__Problem__
Retype the listing exactly, minus its pictures.

__Data segment__
━━━━━━━━━━━━━━━━━━━━
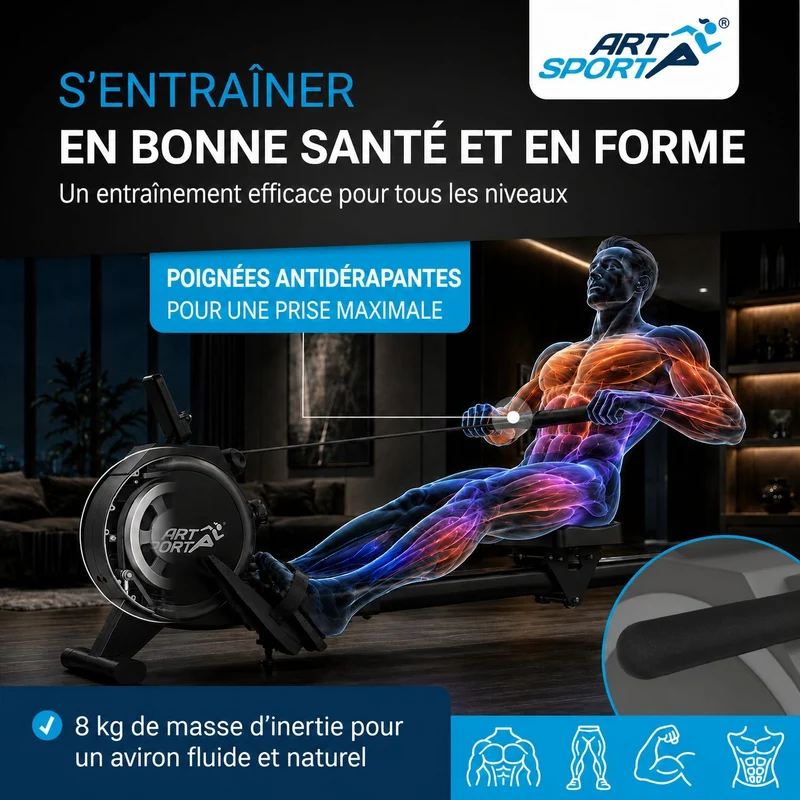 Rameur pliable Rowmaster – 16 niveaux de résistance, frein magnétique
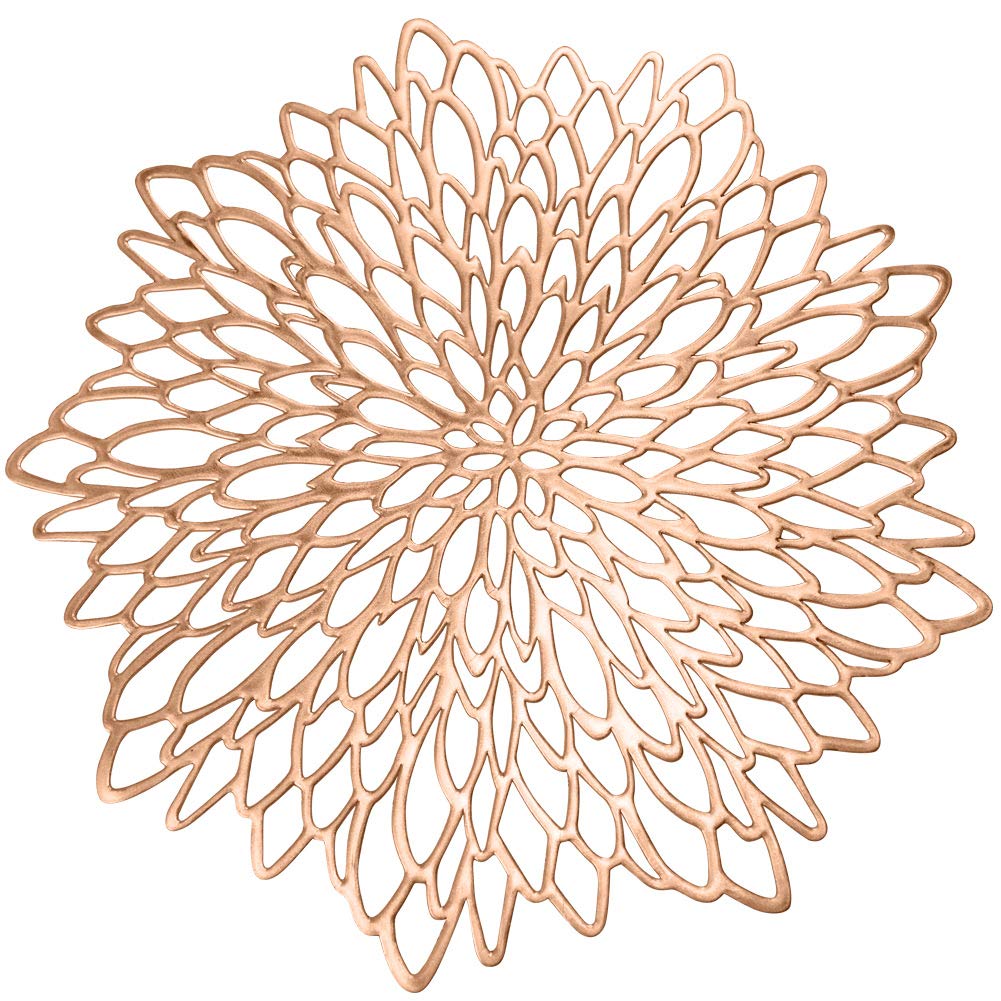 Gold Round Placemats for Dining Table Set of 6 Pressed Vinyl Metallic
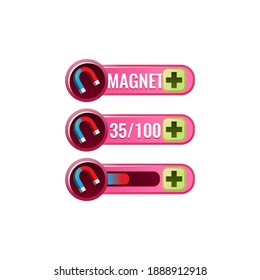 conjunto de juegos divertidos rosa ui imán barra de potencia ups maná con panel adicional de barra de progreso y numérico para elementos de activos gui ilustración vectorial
━━━━━━━━━━━━━━━━━━━━
__Written solution__
 Rameur pliable Rowmaster – 16 niveaux de résistance, frein magnétique
 Gold Round Placemats for Dining Table Set of 6 Pressed Vinyl Metallic
 conjunto de juegos divertidos rosa ui imán barra de potencia ups maná con panel adicional de barra de progreso y numérico para elementos de activos gui ilustración vectorial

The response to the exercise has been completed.